Nazir: 4IR can be a powerful tool if we use it right
MANILA: CIMB group chairman Datuk Seri Nazir Razak has issued a clarion call to regional leaders and captains of industry to change the way Asean does business.
As chair of the East Asia Business Council (EABC), Nazir warned that Asean risked being left behind when the Fourth Industrial Revolution (4IR) hit.
“Technologies emerging around us are transforming the world – from the nature of jobs and work to the way societies function.
“We look forward to a new age of industrial revolution but it will bring new challenges and it is going to affect everything.
“There will be a huge disruption to jobs.
“Robots and artificial intelligence are already replacing workers in factories and increasingly, they will challenge services jobs too,” Nazir told a gathering of some of the most powerful people in Asean here yesterday.
Present were heads of state from Asean members, including Prime Minster Datuk Seri Najib Tun Razak and leaders of China, Japan and South Korea.
This grouping – the Asean Plus Three – also saw the attendance of three influential business leaders from each country with Malaysia being represented by Nazir, AirAsia Group CEO Tan Sri Tony Fernandes and Bank Muamalat chairman Tan Sri Munir Majid.

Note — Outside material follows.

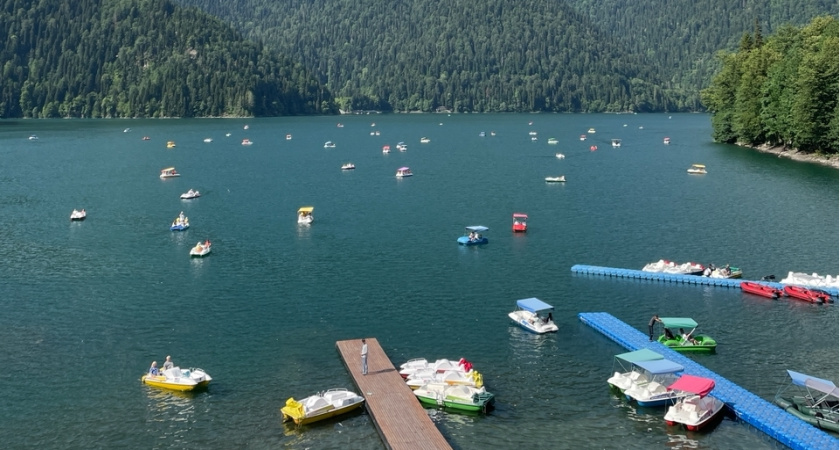 Курорт победившего обдиралова: море чистое, горы высокие, а вот с людьми всё сложно — 5 ложек дегтя в бочке абхазского меда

Quoting the International Labour Organisation, Nazir said 56% of jobs in Asean were at risk of automation and yet, it would see its workforce grow by 11,000 workers every day for the next 15 years.
“Where will we find 60 million new jobs when the ones we have are already under such pressure?” he asked.

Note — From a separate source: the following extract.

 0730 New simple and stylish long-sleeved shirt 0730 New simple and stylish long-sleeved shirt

When these jobs disappear, Nazir said this would drive up inequality and breed discontent and instability, adding however that should Asean position itself properly, the 4IR would be a powerful tool or force for prosperity.
Nazir said while some countries had already started to act – Thailand with its Thailand 4.0 strategy and Malaysia, its recently launched Digital Free Trade Zone – responding at the national level was not enough.
“Asean nations must think at a regional level. Consider regional data – the 4IR is built on data but data needs to flow easily across national borders. If not, countries will miss out on the huge opportunities.
“Of course, there are important concerns about data privacy and security as well as taxation and legal protection when services are provided across borders but that is why Asean must respond from a regional perspective.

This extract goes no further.